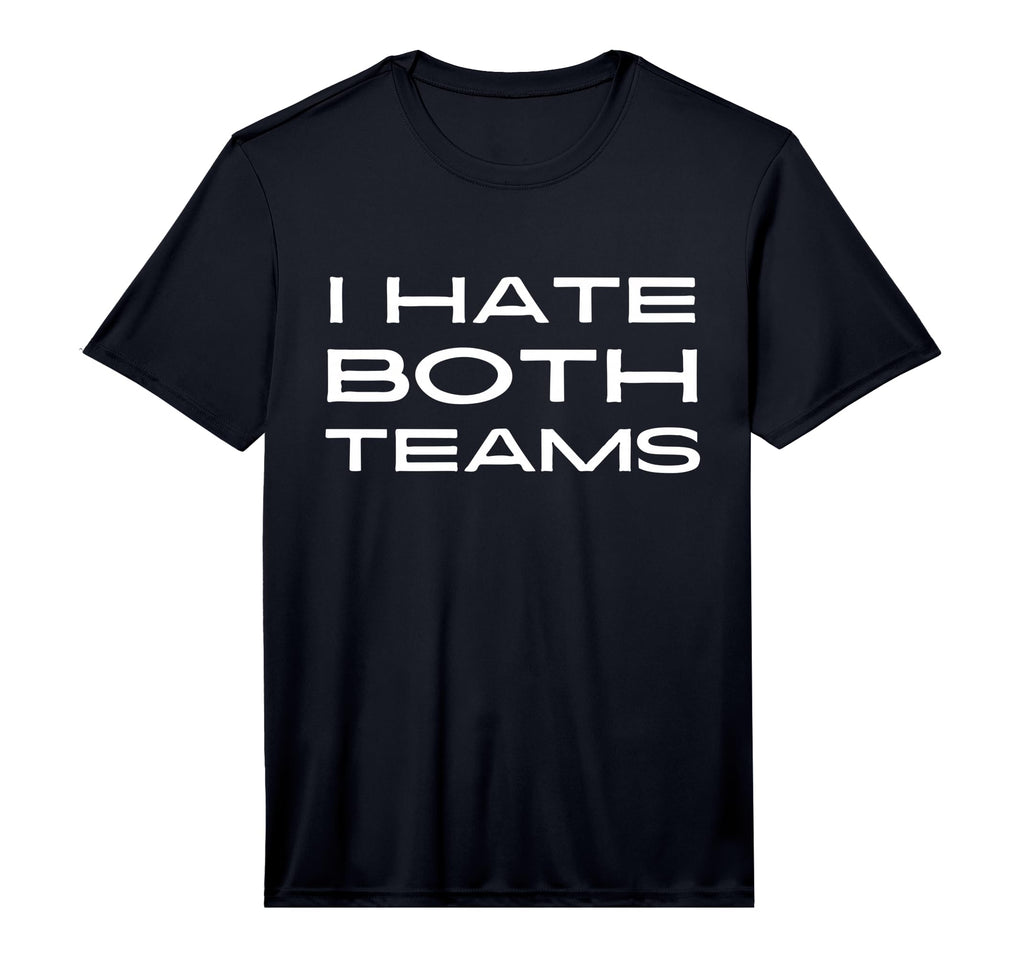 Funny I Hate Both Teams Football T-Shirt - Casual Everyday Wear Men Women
* * *
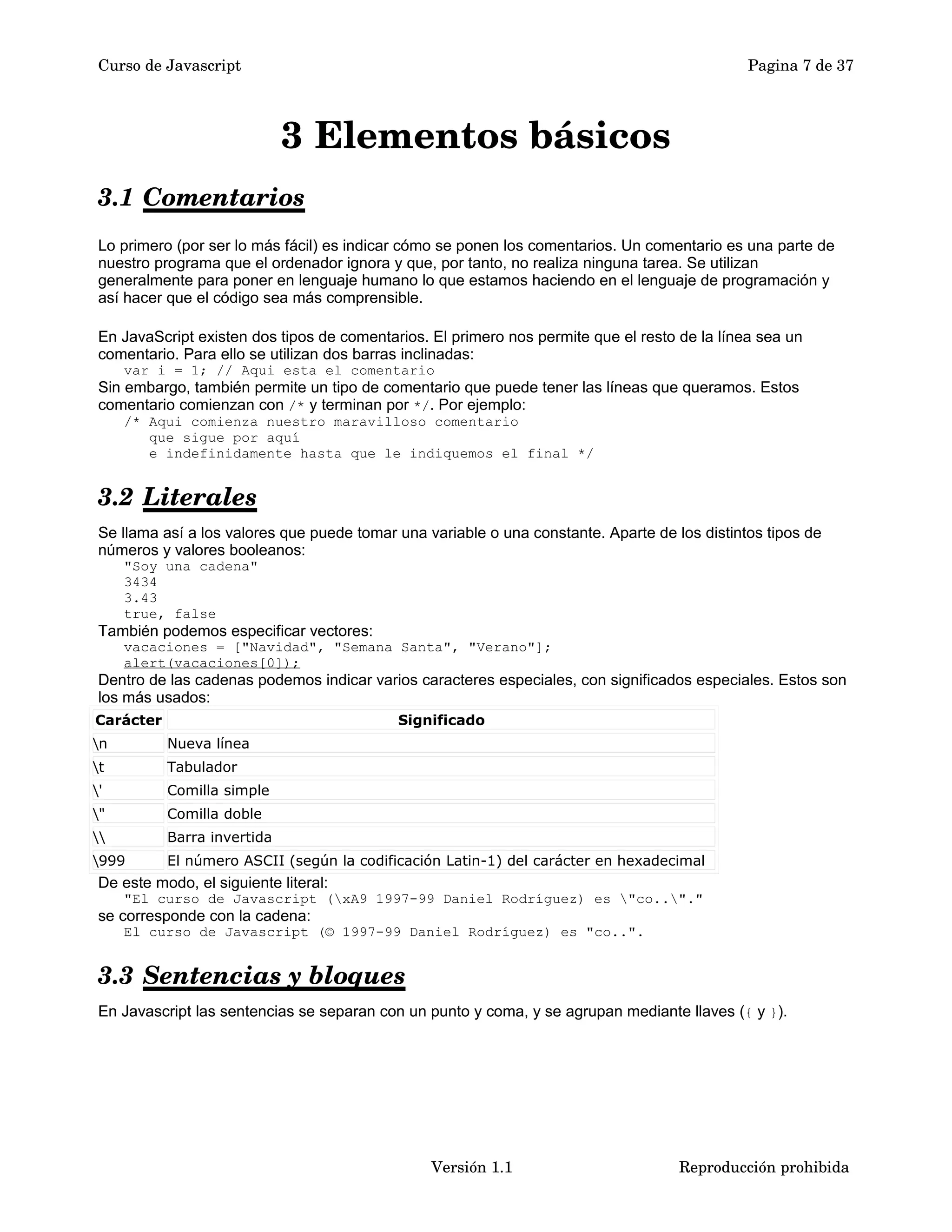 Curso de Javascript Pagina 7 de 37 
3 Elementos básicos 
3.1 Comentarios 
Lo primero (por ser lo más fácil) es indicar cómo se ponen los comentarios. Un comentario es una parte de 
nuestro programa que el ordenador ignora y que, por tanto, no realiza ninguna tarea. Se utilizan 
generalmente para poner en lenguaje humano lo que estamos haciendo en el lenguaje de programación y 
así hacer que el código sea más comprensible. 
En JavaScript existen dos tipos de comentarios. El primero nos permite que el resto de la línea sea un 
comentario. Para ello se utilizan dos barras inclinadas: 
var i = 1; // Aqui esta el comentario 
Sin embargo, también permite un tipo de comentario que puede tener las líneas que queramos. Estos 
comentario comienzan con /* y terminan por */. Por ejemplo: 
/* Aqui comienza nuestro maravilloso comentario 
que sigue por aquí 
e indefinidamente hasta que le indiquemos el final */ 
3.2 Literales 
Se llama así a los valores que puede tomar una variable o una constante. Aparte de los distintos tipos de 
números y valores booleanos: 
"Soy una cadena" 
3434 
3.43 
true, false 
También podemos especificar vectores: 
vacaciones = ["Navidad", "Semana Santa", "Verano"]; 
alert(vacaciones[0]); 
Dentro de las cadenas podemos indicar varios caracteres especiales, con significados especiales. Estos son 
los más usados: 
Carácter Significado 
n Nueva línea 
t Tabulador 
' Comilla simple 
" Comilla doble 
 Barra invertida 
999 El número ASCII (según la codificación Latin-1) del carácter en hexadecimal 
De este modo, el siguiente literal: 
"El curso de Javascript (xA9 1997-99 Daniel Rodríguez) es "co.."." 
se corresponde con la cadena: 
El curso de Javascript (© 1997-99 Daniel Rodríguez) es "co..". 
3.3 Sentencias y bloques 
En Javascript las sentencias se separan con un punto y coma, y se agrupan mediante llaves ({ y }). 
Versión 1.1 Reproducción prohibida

Instructions to follow » For every line in the records above that holds "puede", add one, and report the sum alone.

Task answer » 2